His leadership in that instance paved the way for dozens of other politicians, from judges, to mayors to city council members, to likewise decline the crooked-up union’s contributions, which stripped them of their political clout.

He did the right thing, when it would have been easier and more profitable for him to do otherwise.

That’s just the way he rolls. Buffalo radio commentator Sandy Beach did three hours this week about how Maziarz once helped his wife with a problem over a weekend without knowing who she was. Beach said he voted for Maziarz in every election since and would vote for him again had he not withdrawn.

His work ethic, accessibility and personable attitude combined to make a politician for all seasons, one who took serious interest in people and their problems. It truly didn’t matter to him who you were, who you were married to or what kind of job you had. He was and remains as close as the phone.

That’s something you don’t often find in an elected representative or, indeed, anyone in the public eye. Just try calling Mayor Paul Dyster sometime.

The vehemence of Maziarz’s enemies always caught me off guard. I couldn’t really understand it.

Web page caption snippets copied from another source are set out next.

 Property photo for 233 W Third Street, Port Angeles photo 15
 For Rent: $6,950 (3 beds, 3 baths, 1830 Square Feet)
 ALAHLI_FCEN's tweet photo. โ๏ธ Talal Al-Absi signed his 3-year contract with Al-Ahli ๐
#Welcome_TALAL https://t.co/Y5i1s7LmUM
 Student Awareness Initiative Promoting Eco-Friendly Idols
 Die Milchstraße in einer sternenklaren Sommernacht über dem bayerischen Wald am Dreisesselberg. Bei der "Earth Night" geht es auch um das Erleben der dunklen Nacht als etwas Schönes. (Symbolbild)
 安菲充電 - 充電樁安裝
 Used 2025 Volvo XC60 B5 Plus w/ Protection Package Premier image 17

Over a 37-year career in the journalism racket I’ve seen a lot of politicians. Do they want power? Yeah. Do they want money? Check that. Republican or Democrat, it doesn’t make a difference.

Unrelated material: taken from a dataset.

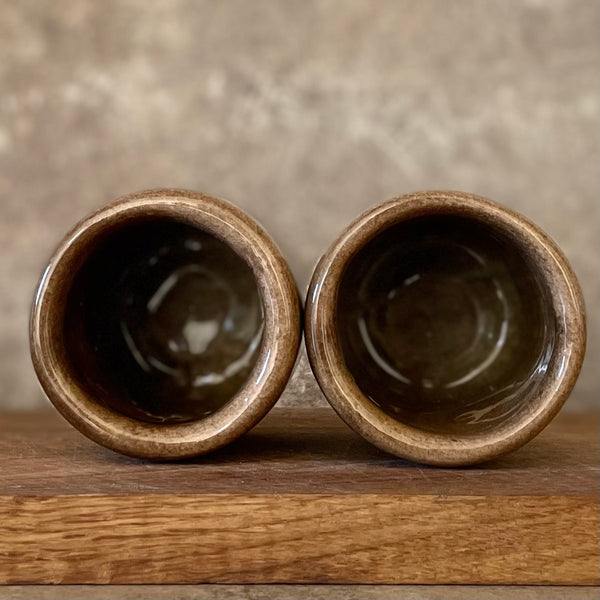 Brown small mugs without handle "Liekam lovoj'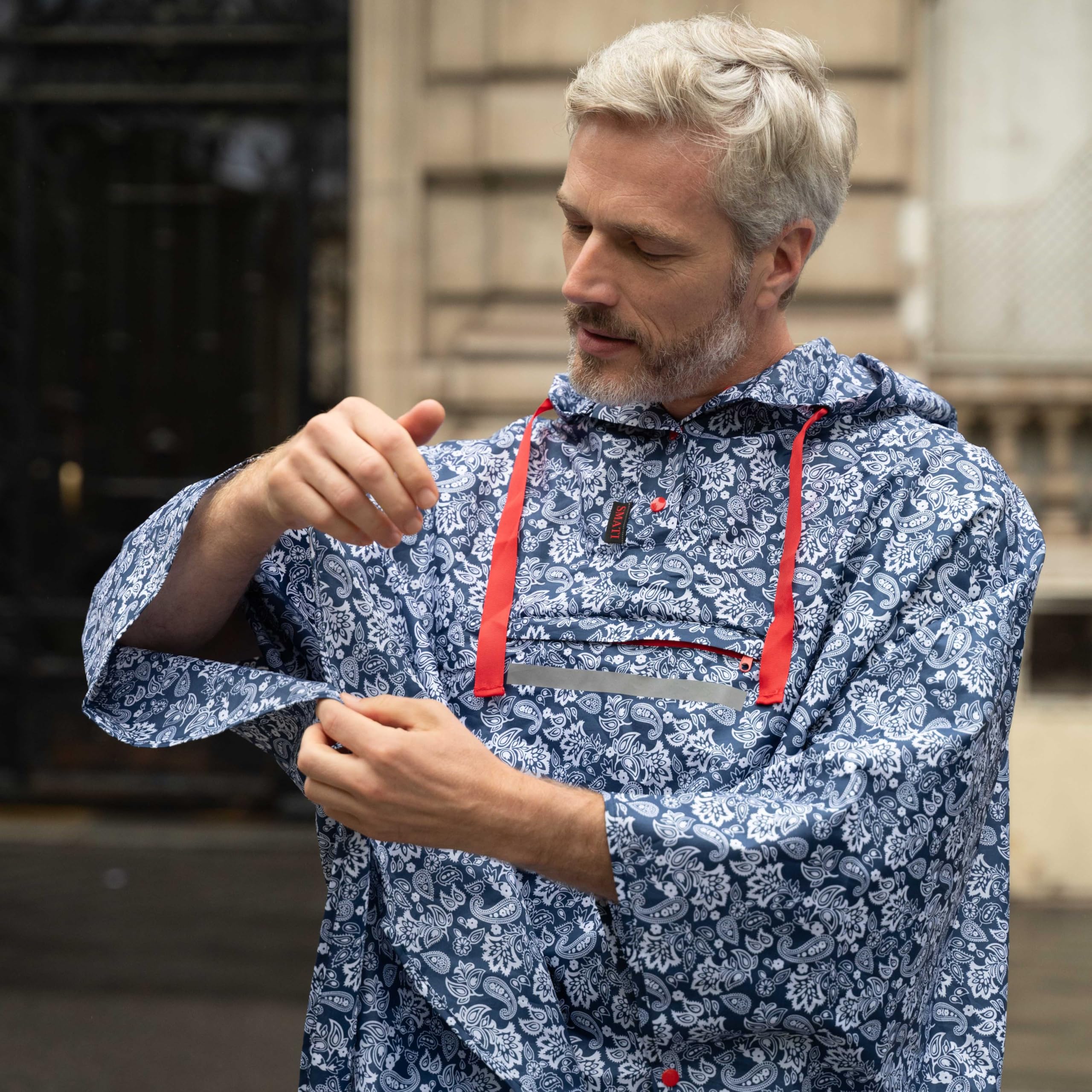 SMATI Poncho/Cape de Pluie avec Capuche Mode Femme Tissu de qualité imperméable activité en Plein air vélo Moto randonnée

Maziarz was superb at what he did and that made some people angry. For the most part, it made people angry who were running against him or who supported someone who was running against him.

But he never let it get him down. The weekly drives between Niagara County and Albany, the weekends on the rubber chicken circuit of volunteer fire department fundraisers and man of the year award dinners, the late night phone calls from constituents and errant newspaper reporters alike.

His weekend announcement will put an end to all of that. Those who couldn’t imagine a Niagara County without George Maziarz to vote for or kick around will now have to put their thinking caps on.

There’s a lot of talk about a federal investigation, his closest advisors have resigned and lawyered up, and his enemies say an indictment is pending. The barely concealed glee on the part of some is disgusting.

I hope it all comes to nothing. Maziarz is no more guilty – or innocent – than anyone who has spent much of their adult life in the public eye.

The man says he’s tired of the grind and, unless something comes along that shows otherwise, we ought to believe him.